Skating In Central Park

Source: http://www.centralpark.com

This is where indie films come, when the bureaucratic red tape, of the Big Apple’s civic center, hogties them and makes them say uncle. Central Park’s ring is just as atmospheric as Rockefeller’s tiny enclosure. Plus, Wollman Rink has a couple of prime ace up its sleeve to tempt you away from that midtown extravaganza.

New York for insiders: Wollman Rink is not only slightly cheaper than Rockefeller, but a whole lot bigger. You can all but bet the house on the fact, that a trip for a 30 minute ice skating experience in midtown will also hold a less agreeable trudge through a two-hour waiting line. In Wollman, due to its size, that cue of people moves with a much faster pace.

FAO Schwarz

If you ever dreamed, as a child, of what a Toy Store would look like if God had his way, then you were still a bit off the mark. FAO takes that fantasy, improves on it with the magic of the mighty buck and creates an even better show.
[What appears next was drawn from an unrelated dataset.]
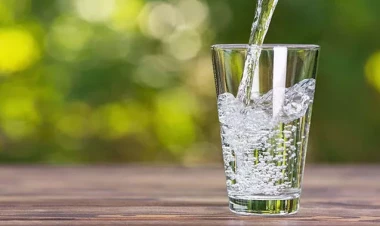 Günə bir stəkan su ilə başlamaq üçün - 5 SƏBƏB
Founded in 1862 by German immigrant Frederick August Otto Schwarz, this curio bazaar is America's oldest toy store. The flagship store on Fifth Avenue is internationally recognized for its life-size stuffed bears, huge window displays, its famous carpet piano. Come Christmas time, a winter wonderland of Narnia-like proportions is on display.

Sadly, FAO’s parent company has given up the lease for the classic store. So, the fate of this titan of trinkets and knick-knacks is unsure.

New York for insiders: Plan your trip. On weekends the line curls all the way around the corner. So, try visiting right on opening time or during the weekdays. If not, simply stroll on down to the Fifth Avenue’s Toy’s R Us and its indoor Ferris Wheel.

Window Shopping On Fifth Avenue

It's advisable to do all your shopping on a street other than 5th Avenue. But, if you find yourself buying a pricey item on this famously expensive street, bring a credit card (lest you be forced to sell a kidney to afford it).

With that said, do stroll down this picturesque street come December. Marvel at the at the way these stores dress up for the holiday bash. Each outdoing the other with wilder and more intense window displays. It’s a real competition among them. A way to one-up their neighbors, while all the while spreading holiday cheer.

Don’t miss the likes of Saks at 49th, FAO Schwarz; Macy’s on 34th and Broadway; Lord & Taylor (5th and 38th); Barney’s New York (the intersection of Madison and 62nd).

New York For Insiders: Once you’re done with Midtown, head on down to Downtown. It’s a bit avant-garde, high on the hipster meter, but still worth a nice little stroll.

Holiday Theme Film tour

The Big Apple has a particular streak for attracting the eye of Hollywood big shots. One of America’s premier film sets, all five boroughs attract productions like flies to honey.

King Kong climbing the Empire State. The alien invasion of the week blowing that iconic landmark. Woody Allen neurotically fretting over relationship troubles. Scorsese reimagining the gangster epic. New York is fodder for a myriad of movie trivia.

And, given its penchant for holiday cheer, this majestic media metropolis, has amassed its healthy share of ho-ho classics.

Films like Elf, Miracle on 34th Street, Ghostbusters 2, Home Alone 2, It's a Wonderful Life, and Scrooged.

The Holiday Train Show

Where: The madcap fun starts off in the Botanical Gardens, right in the middle of one of New York’s great boroughs—the Bronx.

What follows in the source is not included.